> EXERCISE DATA

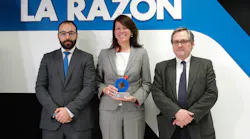 Selecta, Europe’s leading route-based unattended self-service provider, is delighted to have taken home the Healthy Vending Award 2020 in Spain’s Community of Madrid Awards 2020.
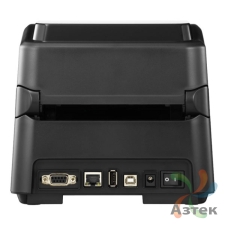 Принтер этикеток SATO WS408DT-STD термо 203, Ethernet, USB, RS-232, WD202-400NN-EUAL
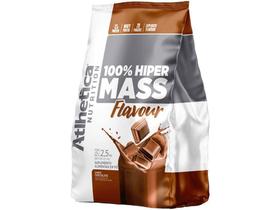 Hipercalórico Atlhetica Nutrition Flavour - Chocolate em Pó 2,5kg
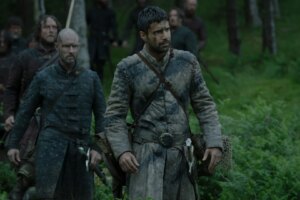 Reseña del episodio 5 de la temporada 3 de House of the Dragon: El extraño nos ofrece descanso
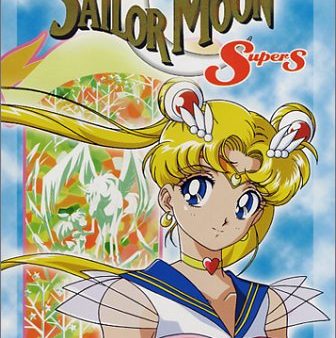 SAILOR MOON SUPER S 1: PEGASUS COLL [IMPORT] For Cheap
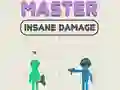 Spel Master Insane Damage online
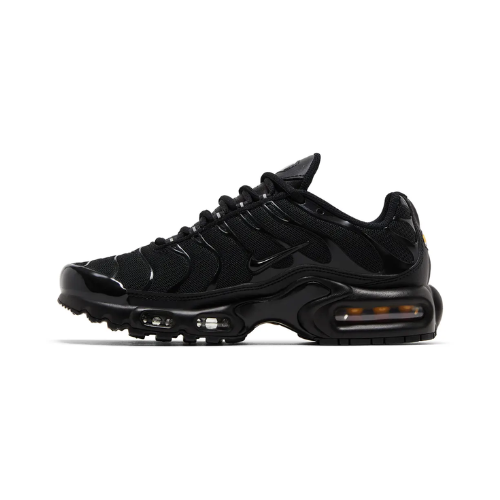 Nike Air Max TN Plus "Triple Black" - foto 5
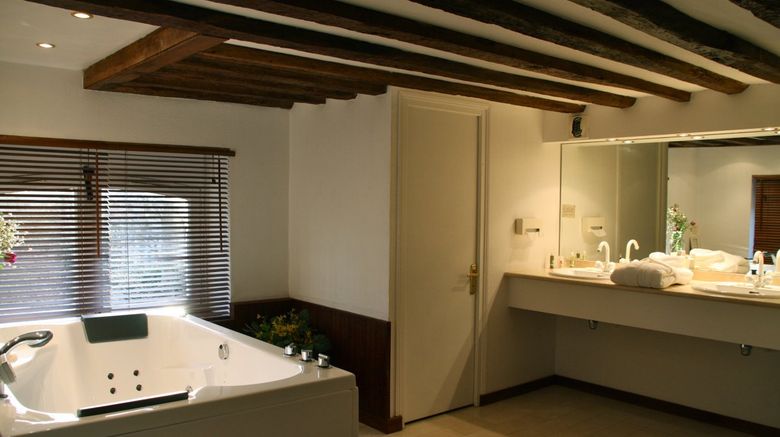<b>Chateau de Sissi Suite</b>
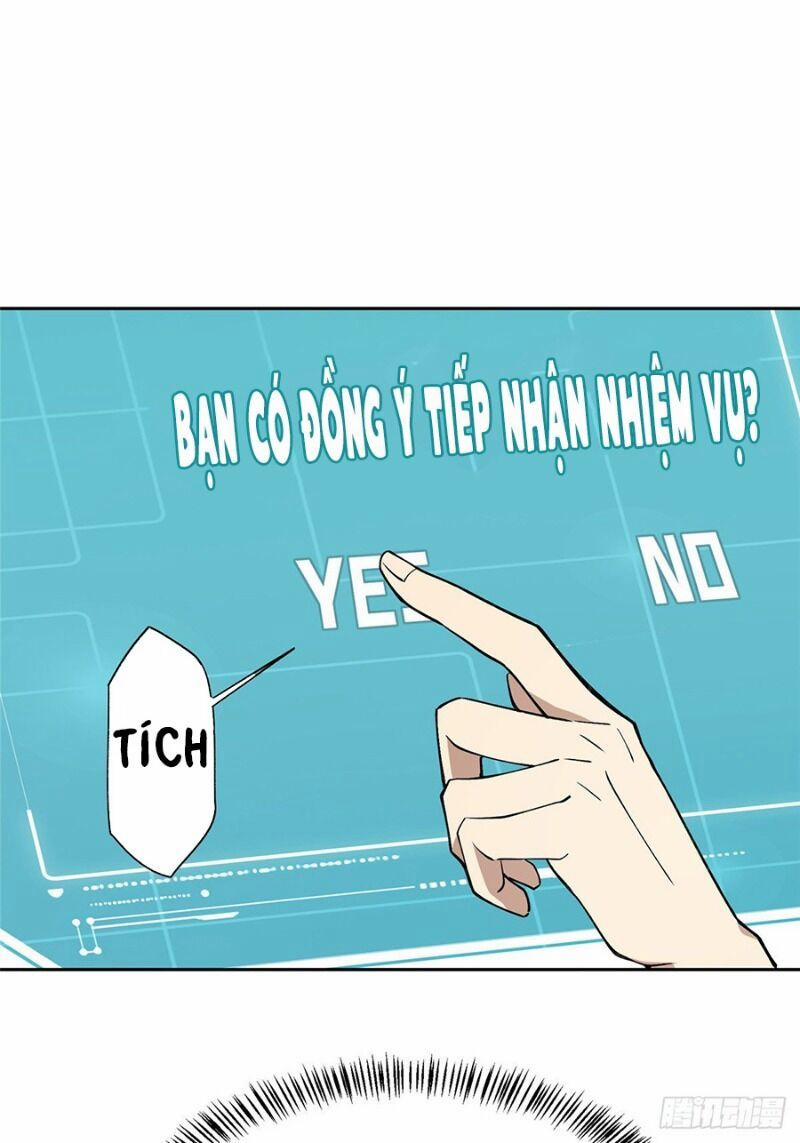 Siêu Thần Cơ Giới Sư 16 trang 10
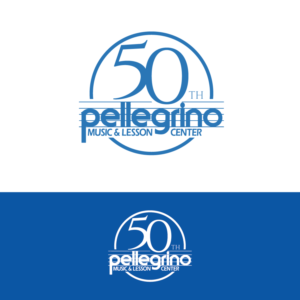Design de Logo par H4R5Z pour Pellegrino Music Center | Design : #23665446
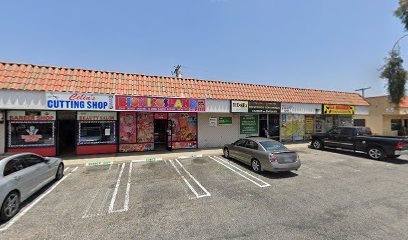 Celia’s Beauty Salon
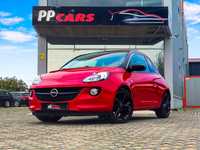 OPEL ADAM 1.2 GLAM SPORT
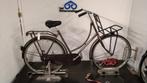 Gazelle Classic Transport Damesfiets, 53 tot 56 cm, Ophalen, Gebruikt, Gazelle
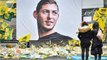 VOICI - Mort d’Emiliano Sala : le message accablant du footballeur sur le président du FC Nantes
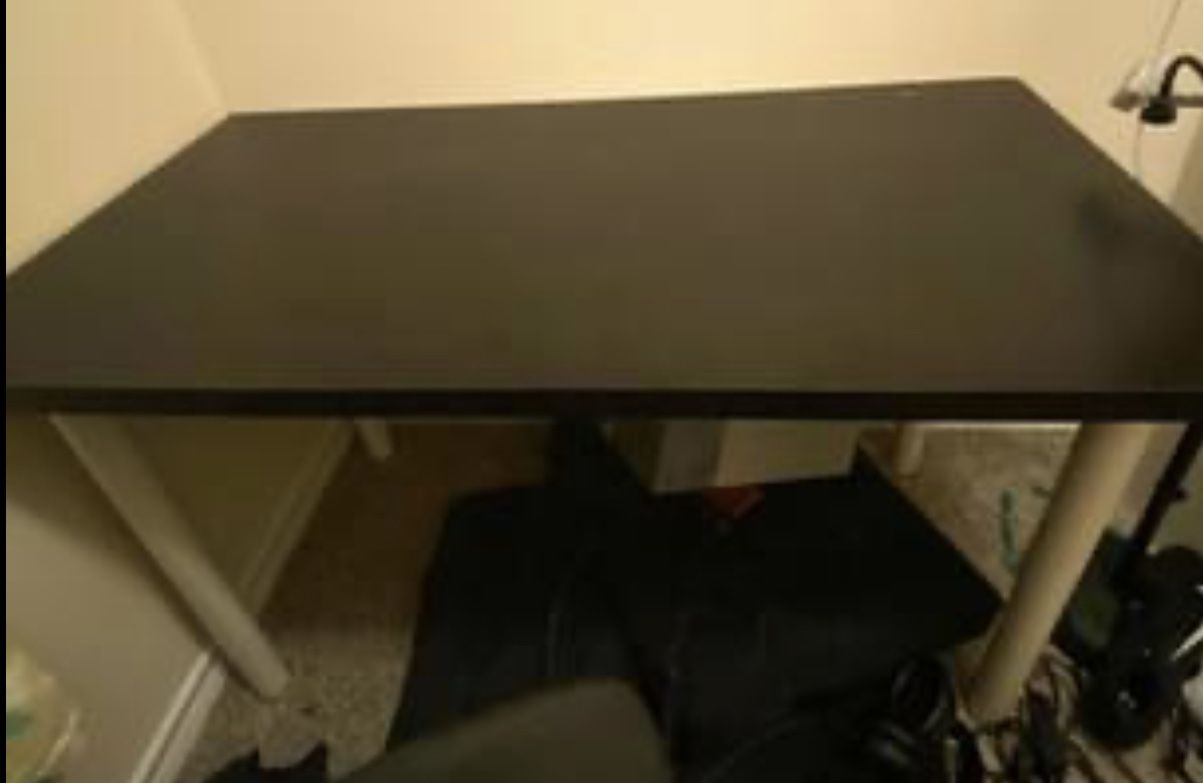 IKEA Desk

> TASK DESCRIPTION
All lines from the one holding "Design de Logo" through the last line of the entries, and nothing else, are to be output exactly; leave out the pictures.

> REPLY
Design de Logo par H4R5Z pour Pellegrino Music Center | Design : #23665446
 Celia’s Beauty Salon
 OPEL ADAM 1.2 GLAM SPORT
 Gazelle Classic Transport Damesfiets, 53 tot 56 cm, Ophalen, Gebruikt, Gazelle
 VOICI - Mort d’Emiliano Sala : le message accablant du footballeur sur le président du FC Nantes
 IKEA Desk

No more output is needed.